**EXERCISE INSTRUCTIONS:**
For this exercise, an exact copy is needed of only the lines from the one containing "9334 WHITSTONE COURT" through the end of the data, with pictures left out.

**INPUT DATA:**
================

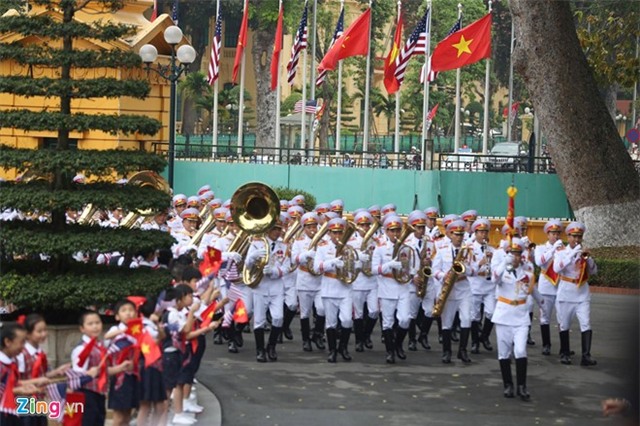 Tong thong Obama roi khach san den Phu Chu tich hinh anh 4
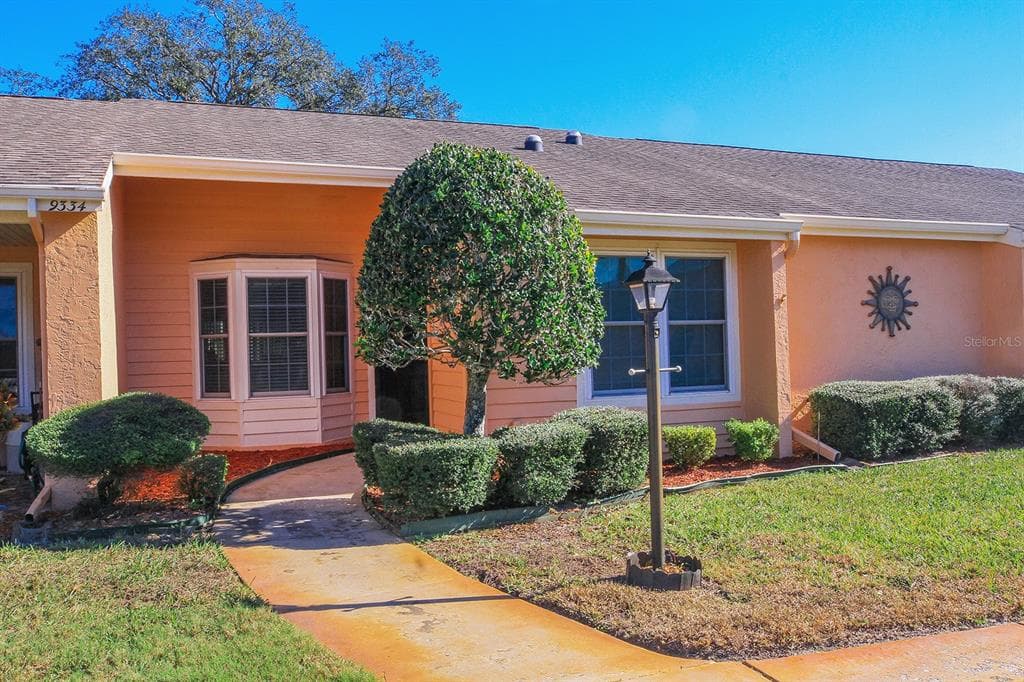 9334 WHITSTONE COURT NEW PORT RICHEY, FL 34655
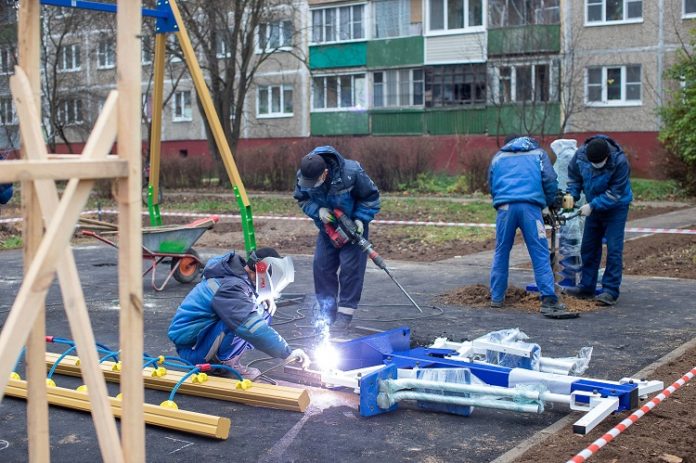 Спортивно-игровую площадку устанавливают в микрорайоне Юбилейный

================

**OUTPUT OF THE EXERCISE:**
 9334 WHITSTONE COURT NEW PORT RICHEY, FL 34655
 Спортивно-игровую площадку устанавливают в микрорайоне Юбилейный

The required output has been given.